The evidence clearly and convincingly proves that Eastman and President Trump entered
into an agreement to obstruct the Joint Session of Congress by unlawfully having Vice President
Pence reject or delay the counting of electoral votes on January 6, 2021.

[snip]

Upon consideration of the totality of the facts, the court finds weighty circumstantial
evidence demonstrating a collaborative effort between Eastman and President Trump to impede
the counting of elector votes on January 6, 2021, as articulated in Eastman’s memos.
(See United States v. Kaplan, supra, 836 F.3d at p. 1212 [an agreement to commit a crime “‘can
be explicit or tacit, and can be proved by direct or circumstantial evidence’”].) There is also
extensive direct evidence demonstrating that each party involved in this plan actively
participated in overt acts through in person meetings, communications with Vice President Pence and his counsel, and in public remarks to advance their shared objective—i.e., to have Vice
President Pence reject or delay the counting of electoral votes on January 6. Furthermore, the
court has previously determined, in the aforementioned counts, that Eastman’s actions were
carried out with deceit or dishonesty, as he was aware that his plan was unlawful and lacked any
factual or legal support.

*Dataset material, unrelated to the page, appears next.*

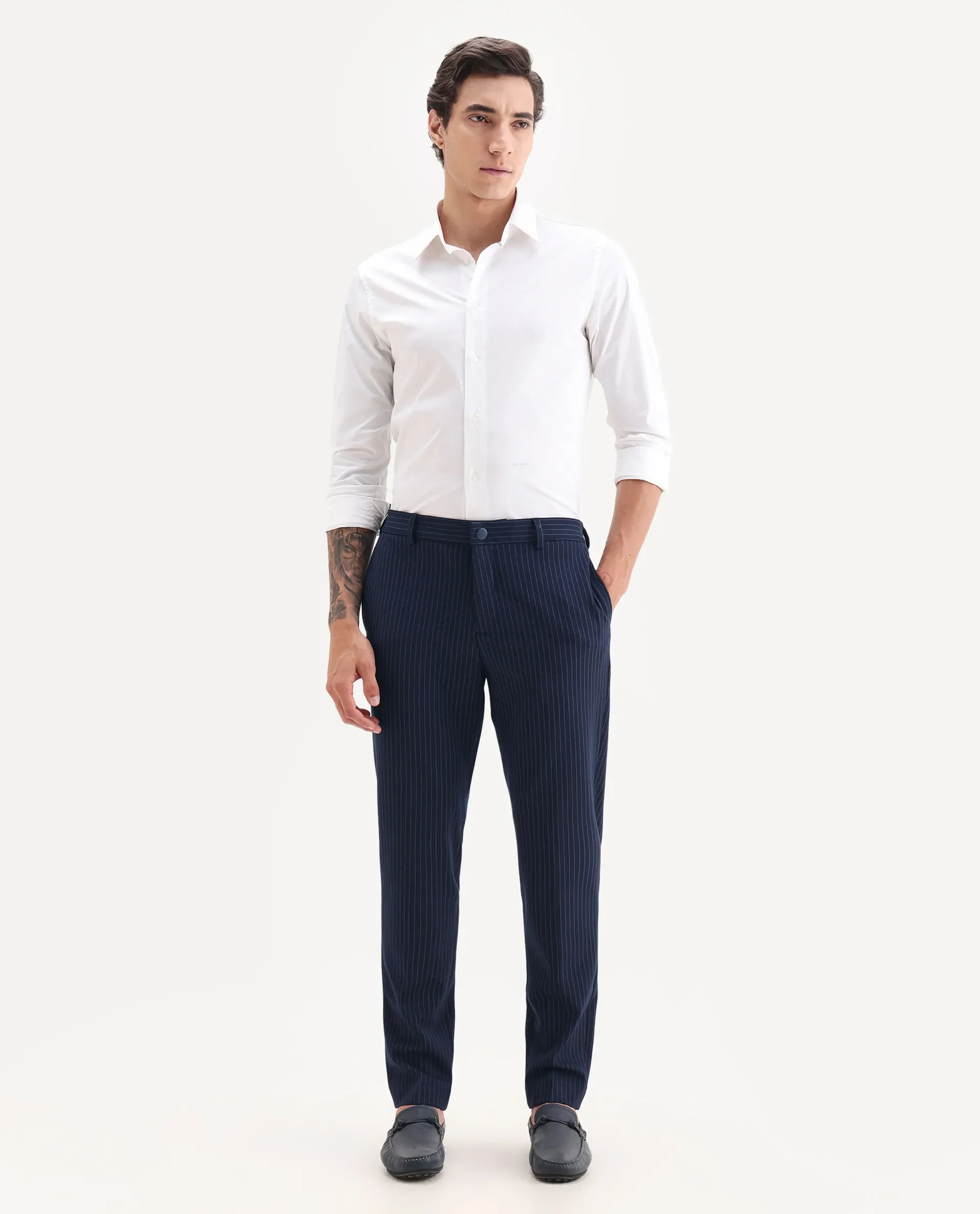 Rare Rabbit Men's Ander Navy Plain Regular Fit Trouser - Image 4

Here, all elements of 18 U.S.C. § 371 are established.
Based on this evidence, the court finds that OCTC has met its burden of showing by clear
and convincing evidence that Eastman violated section 6068, subdivision (a), by violating
18 U.S.C § 371 as charged in count one.

Eastman says he will appeal — in part, because he needs to work as a lawyer to pay lawyers to defend him in his Georgia prosecution.

As of now, however, he is provisionally stripped of his ability to practice as a lawyer.